Menemani suami Residensi, pakai visa apa?

Lohaaaaa, Assalamu'alaikum...
Sudah beberapa hari sejak blog pertama baru mau nulis lagi hehehe..

Kali ini, saya mau berbagi pengalaman ketika saya mengurus visa untuk kepergian kami ke Belanda.

Sedikit flashback, waktu itu malam 17 Agustus, di perumahan kami ada malam tirakatan. Saya sedang meriang sehingga absen, namun suami datang, sekalian memutarkan beberapa film kemerdekaan. Sampai jam 11 malam saya tunggu, rupanya suami terlalu betah sehingga tak pulang-pulang. Naluri manjapun keluar, ndak bisa tidur sendirian hahaiii. Saya berulang kali mengirim pesan agar suami segera pulang, namun hanya jawaban "Ya, sebentar lagi," yang saya dapatkan.

Sampai akhirnya tengah malam, sudah masuk tanggal 17 Agustus, masuklah chat di hp saya, muncul nama suami. Saya buka, ternyata isinya pengumuman hasil program Residensi yang dia ikuti beberapa hari silam. Alhamdulillah, dia lolos ke Leiden, artinya, bulan Oktober ini dia pergi ke Belanda, bersama mimpi-mimpinya. Saya turut deg-deg an, tak sabar menunggu dia pulang agar dapat memberi selamat secara langsung. Ketika sudah pulang, kami sama-sama mengecek lagi, benarkah pengumuman itu, dan ternyata benar. Alhamdulillaaah, menjadi kado terindah di satu dekade hubungan kami (sejak pacaran pada 18 Agustus 2009), karena saya berencana ikut serta ke Leiden. Iyalah, kapan lagiii ya kaan...

Selanjutnya, setelah kabar kepastian pengumuman tersebut, kami mulai browsing, mencari tahu apa yang perlu dipersiapkan untuk kepergian kami. Saya pun mulai mencari tahu kenalan yang pernah tinggal di Eropa, dan ketemulah, om saya pernah tinggal di Belgia, tetangga Belanda. Saya bertanya tentang estimasi biaya hidup disana, pesawatnya apa, sampai persiapan yang perlu saya pikirkan, lalu saya catat. Saya pun ada teman yang sedang berada di Kanada untuk menemani suaminya studi di sana, ternyata suaminya malah pernah mengenyam pendidikan di Leiden.

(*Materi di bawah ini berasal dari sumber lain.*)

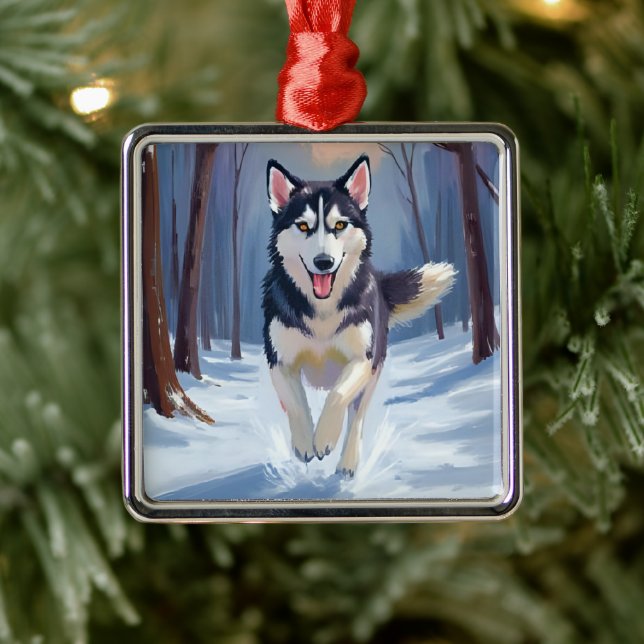 Siberian Husky | Dog Painting Winter Metal Ornament (Tree)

Wah, pas, kebetulan sekali..

Beberapa info sudah terkumpul, maka mulailah persiapan. Yang pertama dipikirkan adalah visa. Saya mulai baca-baca artikel, mencari tahu visa apa yang cocok untuk saya, karena suami sudah menggunakan visa short study. Pilihan saya jatuh pada visa tourist atau visa visiting family or friends. Saya cermati syarat-syaratnya. Syarat pertama paspor, alhamdulillah paspor saya sudah jadi (meski membuatnya mepet). Kemudian foto (saya foto di Duta Indah di kawasan Simpang lima Semarang), itinerary (saya samakan dengan suami), asuransi (saya pilih axa smart traveller gold), rekening koran 3 bulan, surat sponsor dan garansi (dalam hal ini kakak saya yang mensponsori dana kepergian saya), KK, KTP, Akta Kelahiran (berbahasa Inggris, saya translate sendiri liat contoh dari Google), bukti booking tiket pesawat, serta bukti akomodasi. Syarat lengkap bisa cek di website VFS Global yah, selaku pihak ketiga yang ditunjuk Kedutaan Besar Belanda untuk pendaftaran visa.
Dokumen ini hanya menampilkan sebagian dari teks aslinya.